Hospitality was highly valued in the society in which Jesus lived. It was a matter of survival and community cohesion—but it was more than that—hospitality, welcoming the stranger—was nothing less than God’s will. “Jesus said, ‘Whoever welcomes you welcomes me, and whoever welcomes me welcomes the one who sent me.’”
Is this what we proclaim? Are our doors open to everyone and when the stranger enters will they feel welcome? What does the radical hospitality of Jesus—the man who hung out with outcasts and sinners, tax collectors and prostitutes, lepers and foreigners, apostates and pharisees—mean to us today?
Do we greet the people we meet where they are at and for who they are? Or do we quietly judge and disapprove? Or do we avoid them altogether, do we look the other way or cross over to the other side of the street because we feel threatened or offended? Where is our witness to welcoming others, and thereby welcoming Jesus and the one who sent him?
This Friday falls just after two celebrations marked on the Church calendar: the Feast of Saints Peter and Paul on Monday and the celebration of Canada Day on Wednesday.
It is important to note this for a number of reasons.
Firstly, think about Peter and Paul. They did not agree on many things; they often did not get along and finally went their separate ways in the proclamation of the Gospel. Peter insisted that the early believers must follow Jewish ways, must be circumcised, must hold to the Law. Paul’s vision led him to distant lands proclaiming faith in a risen Christ and urging believers to conform their lives to that faith rather than the Law.
What they had in common, though, was the conviction that God had visited humanity in Jesus, and that Jesus had brought something new and remarkable to humankind demonstrated in a way to live, a way to relate and a way to witness to God’s love. And they both understood that the welcome of God was an invitation to a place in God’s kingdom.
Secondly, as we celebrated this Canada Day, as we sang 'O Canada', roasted hot dogs and hamburgers and marveled at fireworks, did we also ask ourselves what Jesus meant in telling us over and over again, “Whoever welcomes you welcomes me, and whoever welcomes me welcomes the one who sent me” (Matthew 10. 40).

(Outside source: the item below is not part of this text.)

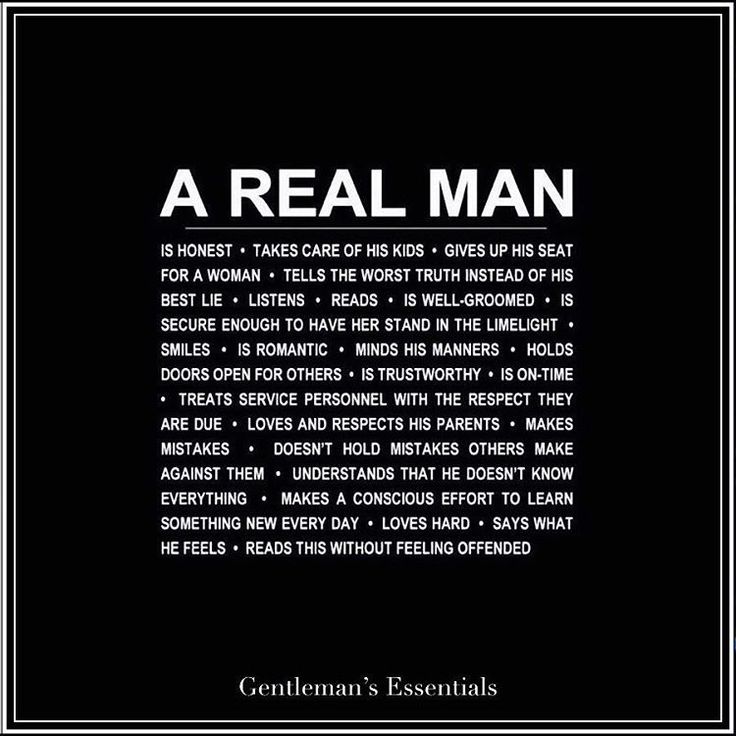 a black and white poster with the words, a real man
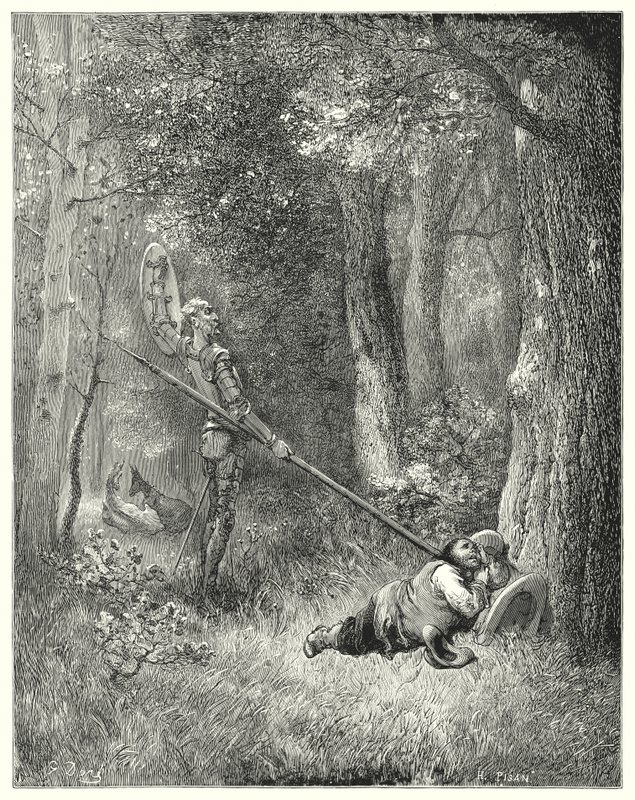 Gustave Dores Don Quixote: "Til al denne fine udlægning svarede Sancho ikke et ord" (gravering) af Gustave Dore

For me the most moving part of Canada Day has been the swearing in of new citizens: people from across the globe who came here seeking to escape war, poverty, hunger, and persecution. People who sought new opportunity and fresh starts. People who very often appreciate all the blessings we enjoy in this land far more than many of us who were born here and take our freedom and good fortune for granted.
We may believe differently about the details of faith, as Peter and Paul certainly did and as Christians are wont to do. We may understand civic responsibility differently.
But for us as Christian Canadians, the question of the day growing out of this gospel text asks: What does it mean to welcome, and how do we do that? What does it look like in our churches, in our neighborhoods, in our national policies, in our very attitudes? As the author of the Epistle to the Hebrews reminds us, when we welcome strangers, we may be entertaining angels unaware.